Investment salesmen from Colorado Springs and Aurora were disciplined Wednesday by the Colorado Division of Securities for selling securities in Madyson Capital Management, which is now in receivership, without the knowledge or approval of their employer, Taylor Capital Management Inc.
The sales representative license of Mark Gregory Raezer of Colorado Springs was suspended for 60 days and the license of Dennis Mitchell Farrah of Aurora was revoked. The actions came after a routine examination by the division into Taylor Capital’s Aurora office, which was headed by Farrah, found both representatives were allegedly selling Madyson securities without the company’s approval and didn’t record the transactions in the company’s books. Raezer and Farrah agreed to the license actions, but under the agreement neither admitted or denied the allegations.
The actions come as part of the fallout from a Division of Securities investigation into Colorado Springs-based Madyson Capital Management.
Raezer had been a Taylor representative since 2015, and Farrah had been with the company since 2013; both resigned during the investigation, according to the Financial Industry Regulatory Authority. Farrah declined to comment Wednesday through an attorney. Raezer was not available Wednesday for comment, and a Taylor spokesman declined comment.
Denver bankruptcy attorney John Smiley was named receiver in November for assets of Madyson and founder and CEO Joseph David Ryan by Denver District Judge Eric Eliff, who also extended an order freezing the company’s and Ryan’s assets, totaling $8 million to $9 million. The assets were frozen amid allegations that Madyson and Ryan spent more than $13 million from 78 investors on homes, vehicles, jewelry and other personal items. Many of the investors were introduced to Ryan and Madyson through Farrah’s business, the division said.

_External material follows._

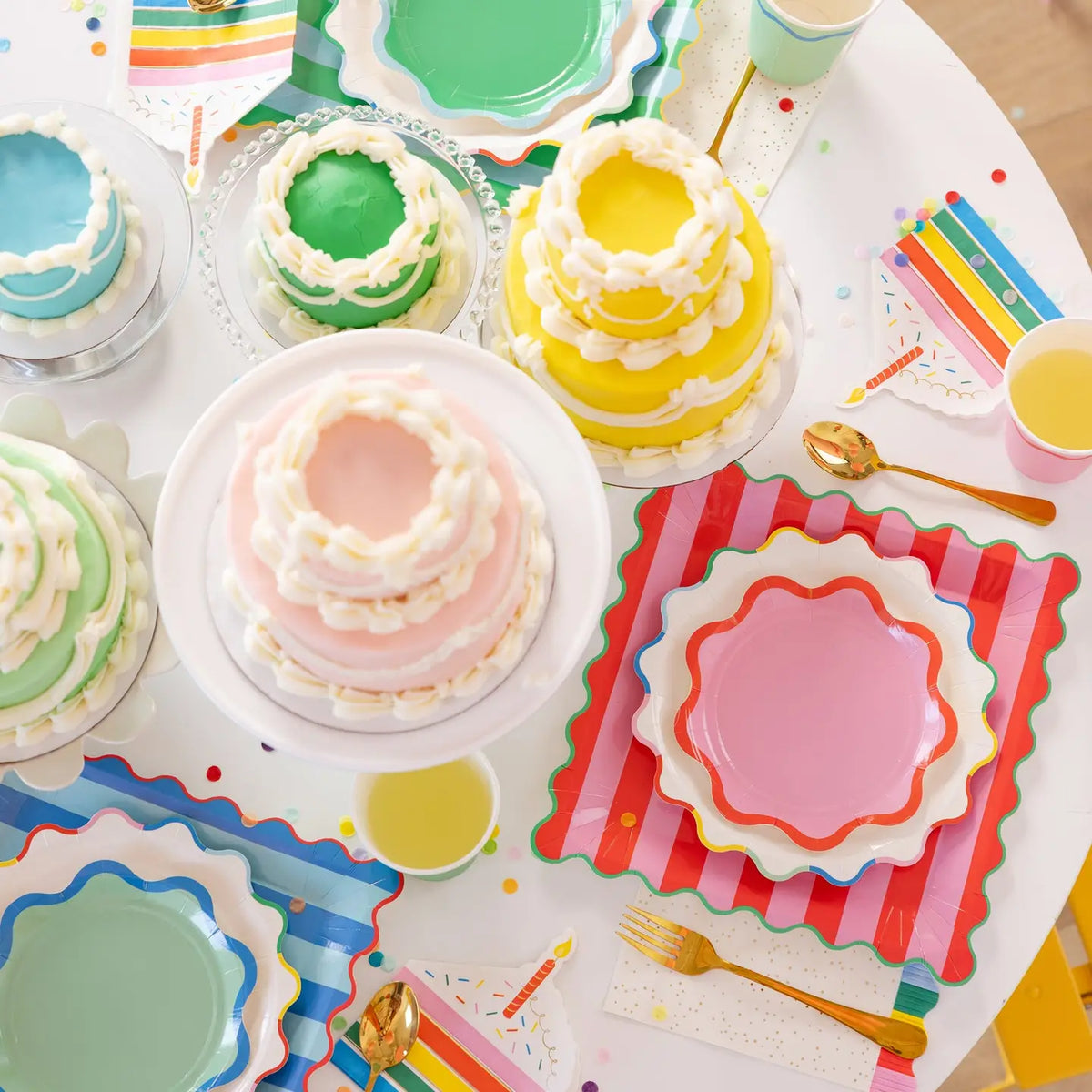 Ric Rac Edge Dessert Plates | Stylish Party Tableware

"The Madyson case has been particularly devastating to investors considering that so many had utilized retirement funds that are now tied up or gone," Colorado Securities Commissioner Gerald Rome said Wednesday in a news release. "Sales representatives have an important duty to properly vet investment opportunities for their clients, as well as to accurately disclose risk, and when that does not take place, investors are harmed. So, failure to live up to these requirements can have series consequences for financial professionals."